Капсула для отца уже была подготовлена – рядом с Артис. Я старался не думать о манекенах, которых видел здесь во время предшествующего визита. Хотелось избавиться от привязок и взаимосвязей. Созерцая тела, убедился, что мы вернулись назад, мы с Россом, и довольно.
Далия вела нас по пустому коридору с дверьми и стенами соответствующих цветов. За поворотом ждал сюрприз – комната с приоткрытой дверью, я подошел, заглянул. Простой стул, стол с какими-то аккуратно разложенными принадлежностями, маленький человек в белом халате на скамье у дальней стены.
Миниатюрное помещение с голыми стенами, низким потолком, скамьей и стулом показалось мне зловещим, но это место предназначалось для того, чтоб стричь и брить, и всего-то.

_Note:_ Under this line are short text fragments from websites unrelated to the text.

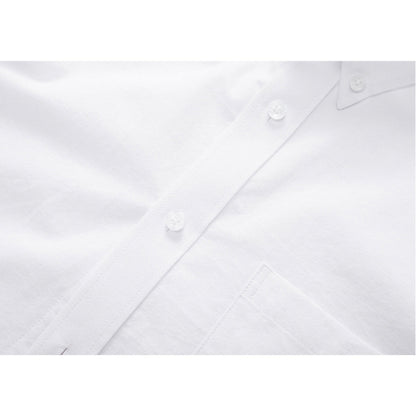 SOLA  Casual Oxford Shirt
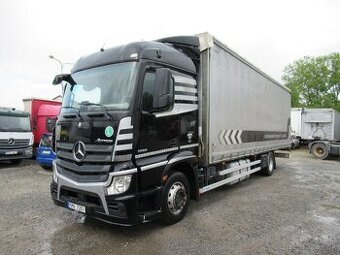 MB Actros 1832L 24 europalet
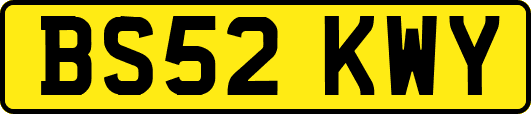 BS52KWY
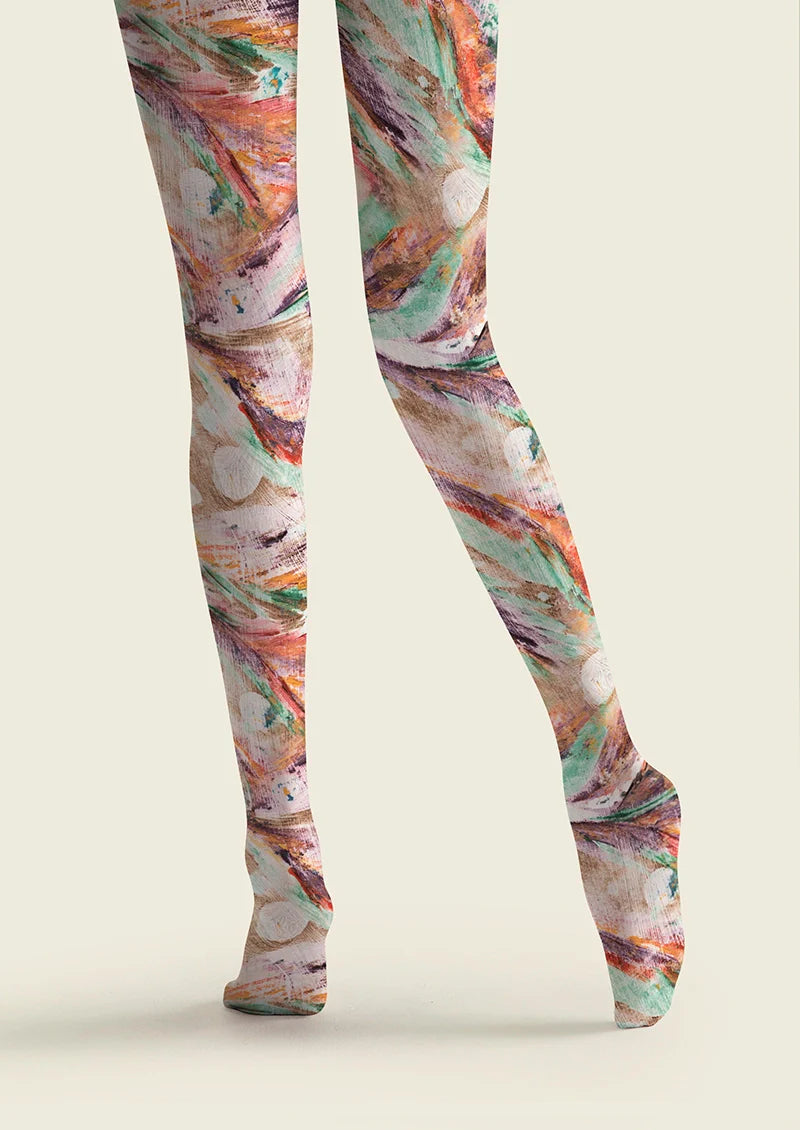 Ceramic Trace Tights Hosiery Pantyhose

Парикмахер усадил Росса на стул и быстро обработал филировочными ножницами и бесшумным триммером. Они с гидом обменялись короткими репликами на языке, который я не смог распознать. И вот из гущи волос стало появляться отцовское лицо. Лицо гнездилось в волосах. Выскобленное лицо поведало печальную историю: глаза опустели, мякоть щек под окостеневшими скулами ввалилась, размягчилась челюсть. Я увидел слишком много? Сжатое пространство способствует преувеличению. Волосы сыпались со всех сторон, голова, обнажаясь, демонстрировала бороздки и ранки. А потом исчезли брови – так быстро, что я даже упустил этот момент.
Нам пришлось выдержать паузу – всем, стоявшим вокруг стула, – когда у отца задрожали руки. Мы стояли и смотрели. Не шевелясь. Хранили молчание, в котором, как ни странно, ощущалось благоговение.
Дрожь прекратилась, и гид с парикмахером снова заговорили на непонятном языке – может, подумалось мне, на том самом, о котором я уже слышал – сначала от Росса, потом от человека в синтетическом саду, Бен-Эзры, рассказывавшего о разработке системы языка гораздо более выразительного и точного, чем какая-либо из существующих в мире форм коммуникации.
На заключительном этапе парикмахер использовал классическую бритву и пену для бритья – обработал глубокие складки у рта и подбородка, а я тем временем слушал речь Далии – вроде бы отдельные, отрывистые слоги, время от времени перемежавшиеся продолжительной серией однообразных, монотонных звуков, произносимых на одном дыхании. Она наклоняла корпус. Делала какие-то движения левой рукой.
Парикмахер, запинаясь, объяснил мне по-английски, что волосы на теле будут удалены, когда время подойдет. Потом они помогли Россу подняться со стула – он уже выглядел ко всему готовым. Страшная мысль, но именно это я увидел: человека, у которого ничего не осталось, кроме оболочки – одежды.
Я ходил по коридорам, я в них вернулся, и за каждым поворотом разворачивалась картинка, будто бы что-то напоминавшая. Двери и стены. Длинный коридор, выкрашенный в цвет небес, по верхнему краю стены и кромке потолка тянется конденсационный след, дымчато-серый. Я приостановился, чтобы подумать. Когда это я останавливался, чтобы подумать? Время, кажется, зависает, пока кто-то не проходит мимо. Какого рода кто-то? Я думал о том, что однажды сказал отец про продолжительность человеческой жизни, про время, которое мы проживаем, минута за педантичной минутой, от рождения к смерти. Такой короткий период, сказал он, в секундах можно измерить. Именно так я и хотел поступить: просчитать его жизнь, увязав ее с временным интервалом, именуемым секундой, одной шестидесятой частью минуты. И что мне это даст? Это будет отметка – последняя цифра на линейке, которая приложена к своевольному течению его дней и ночей, кем он был и что он сделал. Своего рода памятный символ, может быть, слова, шепот, который он услышит в последнем проблеске осознанности. Но дело-то было в том, что я не знал, сколько ему, сколько лет, месяцев и дней мне нужно возвести в превосходную степень секунд.